Auf der anderen Seite hat der Geschädigte eine Schadensminderungspflicht.

„Dem Schädiger verbleibt in jedem Falle die Möglichkeit darzulegen und ggf. zu beweisen, dass der Geschädigte gegen seine Pflicht zur Schadensminderung aus § 254 Abs. 2 Satz 1 Fall 2 BGB verstoßen hat, indem er bei der Schadensbeseitigung Maßnahmen unterlassen hat, die ein ordentlicher und verständiger Mensch zur Schadensminderung ergriffen hätte.“

(BGH, Urteil vom 11. Februar 2014 – VI ZR 225/13)

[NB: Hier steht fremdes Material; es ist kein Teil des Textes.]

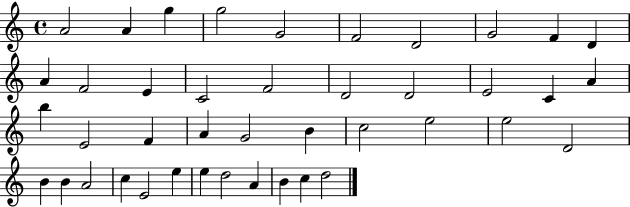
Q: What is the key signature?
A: C major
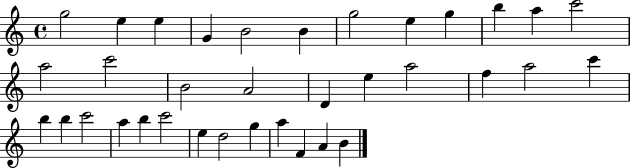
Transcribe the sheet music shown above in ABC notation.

X:1
T:Untitled
M:4/4
L:1/4
K:C
g2 e e G B2 B g2 e g b a c'2 a2 c'2 B2 A2 D e a2 f a2 c' b b c'2 a b c'2 e d2 g a F A B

Daher hat der BGH die Möglichkeit, sich auf die Verrechnungssätze markengebundener Werkstätten zu berufen, in weiteren Entscheidungen eingeschränkt.

„Der Schädiger kann den Geschädigten aber unter dem Gesichtspunkt der Schadensminderungspflicht gemäß § 254 Abs. 2 BGB auf eine günstigere Reparaturmöglichkeit in einer mühelos und ohne Weiteres zugänglichen „freien Fachwerkstatt“ verweisen, wenn er darlegt und gegebenenfalls beweist, dass eine Reparatur in dieser Werkstatt vom Qualitätsstandard her der Reparatur in einer markengebundenen Fachwerkstatt entspricht, und wenn er gegebenenfalls vom Geschädigten aufgezeigte Umstände widerlegt, die diesem eine Reparatur außerhalb der markengebundenen Fachwerkstatt unzumutbar machen würden.“

(BGH, Urteil vom 22. Juni 2010 – VI ZR 302/08)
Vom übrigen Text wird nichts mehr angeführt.